This was for Brown University, “Boldly Brown”— their mission was to raise a billion dollars in a year and they did it.
Variations on a theme. We do the Elton John Aids Foundation Award every year. We’re asked to do a lot of things pro-bono. But, we have a great life and it’s worth doing.
And pretty much. . . that’s my guys.
And I think that I took my fifteen minutes. [Applause] So thank-you.
Tina: What I thought I would do is ask Joel and Steve a few questions and talk about them a little %%bit%% and then we’ll open up questions to the audience. I had a couple of things that I wanted to ask both of you that you really didn’t address in your talk and always interests me as an art historian…Who were some of your favorite historical glass designers or even artists working in other media, painting and sculpture?
Joel: I thought about that question and first of all there are too many, too many artists that have influenced me. Not directly in any way, but they have influenced me by their creativity. When I go to a museum, I’m always so re-inspired to be a creative person because of what they have done. We’re not talking about everyone; we’re talking about a very select group of people over the years in history. I’m very much interested in people from the early part of the 20th century as painters and draftsmen and so forth and even earlier on. The people that appeal to me as artists come from all fields: designers, painters, architects, sculptors and some glass people. I think that their body of work that they left behind and when I see it…..You now when I came to jury the new glass two years ago, my favorite works were, the works that I had to select, were pieces from the collection that I hadn’t seen in a long time were just wow, I said wow I wish I could have made that piece. Creativity is such a wonderful gift to give the world. There are such wonderful artists that have done that, and so that’s how I would like to look at that idea. I would say that in the field of glass it’s interesting, I have never found young students of glass to be interested in history at all and I know that people will probably contradict that. But nevertheless that’s my impression. I would go to Sweden and I would ask some of the Swedish students if they ever knew EricHöglund. Now Eric Höglund was the one who liberated Swedish glass, and he put the bubbles back in the glass. And he was an inspiration to me as an artist. When I was in Denmark in 1957, his work was all over and I just looked at that work and said that’s wonderful, because this guy was a young guy who was really turning everything upside-down in terms of what the image of Swedish glass was. And so that’s my answer to your question.

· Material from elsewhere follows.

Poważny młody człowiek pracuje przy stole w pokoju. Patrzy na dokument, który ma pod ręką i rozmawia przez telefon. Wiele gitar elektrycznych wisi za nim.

Tina: Thank you. How about you Steve?
Steve: I like the idea of an artist working in the confines of a studio with an eye for personal expression, yet he has a factory also. Lalique, Galle, Frederick Carder, they were great artists. So I find inspiration in the glass world. As far as artists, you go in a museum on a regular basis and looking all the time and we are bombarded with images. It’s hard not…there’s not a name that I can pick to say. I do disagree with Joel in the sense that students and history… I think it’s more so today, that students today know less of what has happened in the last 25 years…
Joel: Know less?
Steve: When I was a student I knew every piece that you were making [talking to Joel].
Joel: But you know in the beginning, there were only that many people.
Steve: It made my job easy.
Steve: If you use Glass ‘79, New Glass as a pretty good reference where beginning maturity of contemporary glass starting about then. . . as a random... We all knew what everyone was making. I have no idea exactly [Talking to Tina] and as a curator I imagine having the daunting job of filtering through so much caca to get to the good stuff is a full time job. [laughter]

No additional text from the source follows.